Strengthening IoT Intrusion Detection through the HOPNET Model
Chandrababu MajjaruResearch Scholar, School of Computer Science Engineering and Information Systems, Vellore Institute of Technology, Vellore majjaru.chandrababu2017@vitstudent.ac.in0000-0001-8117-3664
Senthilkumar K.Professor, School of Computer Science Engineering, Vellore Institute of Technology, Vellore ksenthilkumar@vit.ac.in0000-0001-6997-8398
Keywords: Intrusion Detection, Neural Networks, Intrusion Type Classification, Cloud Security, Internet of Things, Feature Extraction
Abstract
The rapid growth of Internet of Things (IoT) applications has raised concerns about the security of IoT communication systems, particularly due to a surge in malicious attacks leading to network disruptions and system failures.
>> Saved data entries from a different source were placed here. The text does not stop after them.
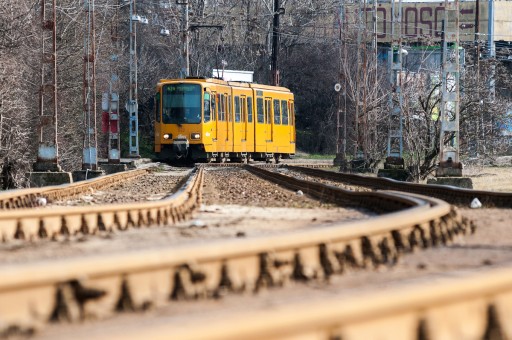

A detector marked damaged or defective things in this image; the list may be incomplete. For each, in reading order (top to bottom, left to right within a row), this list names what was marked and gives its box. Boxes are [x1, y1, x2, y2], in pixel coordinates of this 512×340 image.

rusty rail [0, 168, 150, 210]
rusty rail [0, 167, 203, 242]
rusty rail [288, 166, 512, 209]
rusty rail [0, 166, 472, 336]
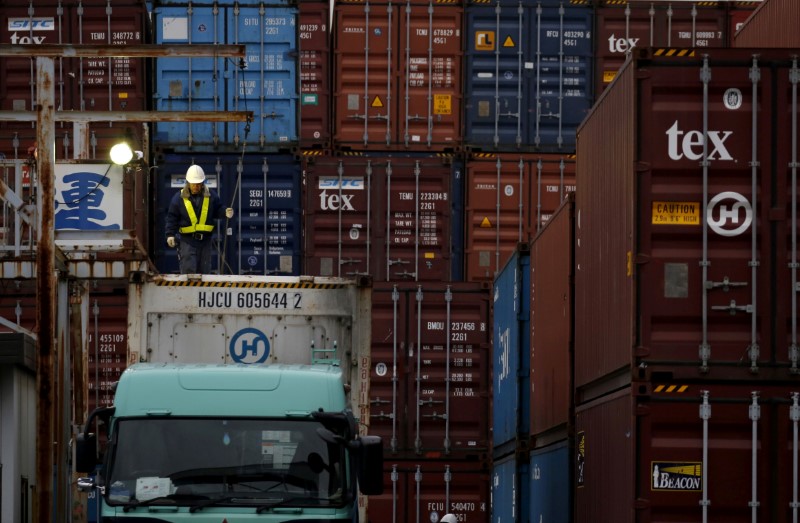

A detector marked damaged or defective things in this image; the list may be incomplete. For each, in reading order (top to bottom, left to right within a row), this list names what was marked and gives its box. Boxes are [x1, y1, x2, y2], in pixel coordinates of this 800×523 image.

rusty metal post [35, 56, 56, 523]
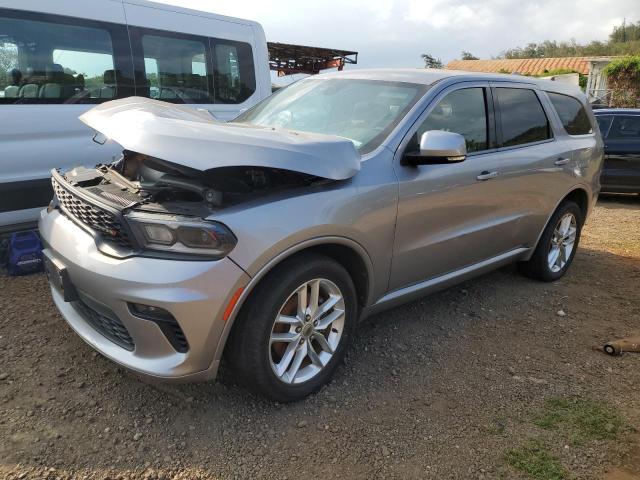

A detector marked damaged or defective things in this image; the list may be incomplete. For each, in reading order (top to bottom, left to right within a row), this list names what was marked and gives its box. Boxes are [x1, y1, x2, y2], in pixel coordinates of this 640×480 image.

damaged hood [79, 96, 360, 181]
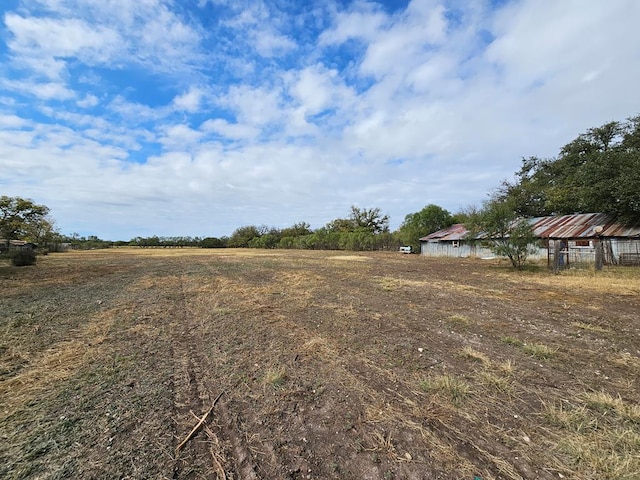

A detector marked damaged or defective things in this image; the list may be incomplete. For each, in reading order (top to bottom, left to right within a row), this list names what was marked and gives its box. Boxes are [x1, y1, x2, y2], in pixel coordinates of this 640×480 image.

rusty metal roof [420, 214, 640, 242]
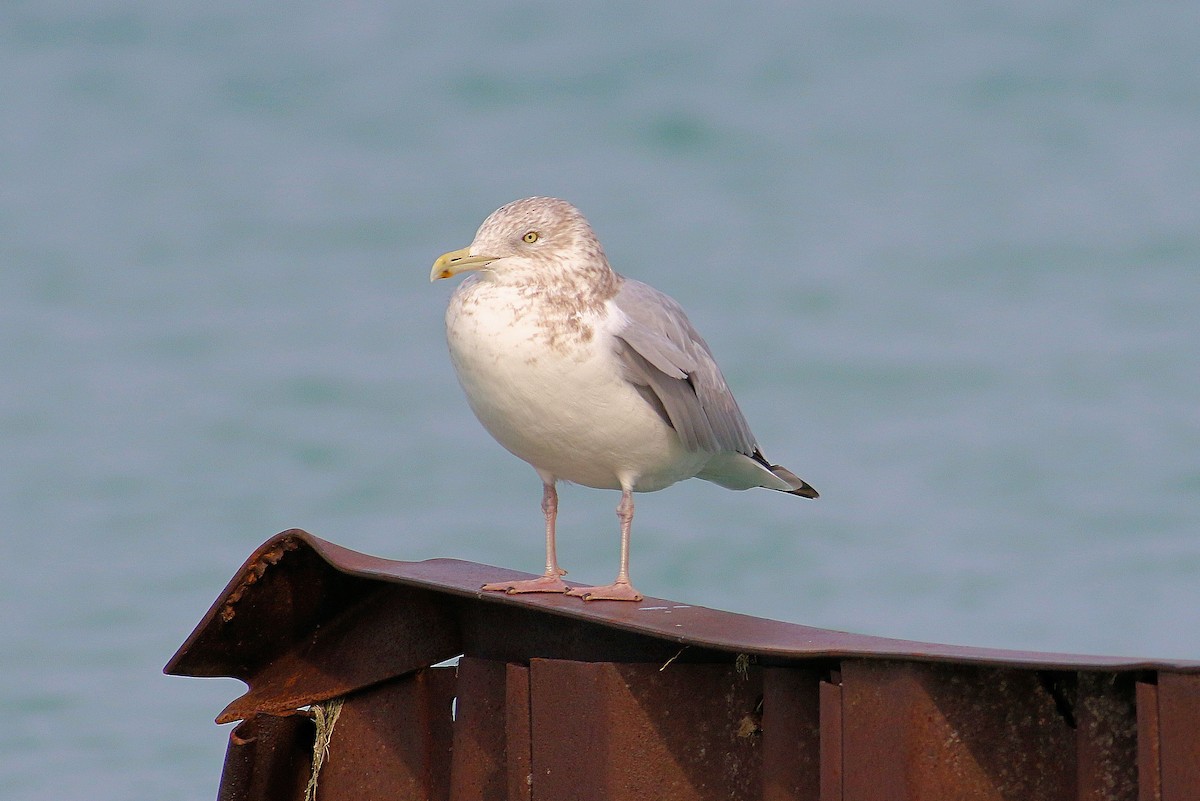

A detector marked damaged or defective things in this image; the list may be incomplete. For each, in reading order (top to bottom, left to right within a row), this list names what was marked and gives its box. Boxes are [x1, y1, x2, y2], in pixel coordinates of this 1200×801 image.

peeling rusted edge [166, 532, 1200, 681]
corrugated rusted metal [166, 527, 1200, 796]
rusty metal structure [169, 527, 1200, 796]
This study introduces a novel solution, the Hyper-Parameter Optimized Progressive Neural Network (HOPNET) model, designed to effectively detect intrusions in IoT communication networks. Validation using the Nsl-Kdd dataset involves meticulous data preprocessing for error rectification and feature extraction across diverse attack categories. Implemented on the Java platform, the HOPNET model undergoes comprehensive evaluation through comparative analysis with established intrusion detection methods. Results demonstrate the superiority of the HOPNET model, with improved attack prediction scores and significantly reduced processing times, highlighting the importance of advanced intrusion detection methods for enhancing IoT communication security. The HOPNET model contributes by establishing robust defense against evolving cyber threats, ensuring a safer IoT ecosystem, and paving the way for proactive security measures as the IoT landscape continues to evolve.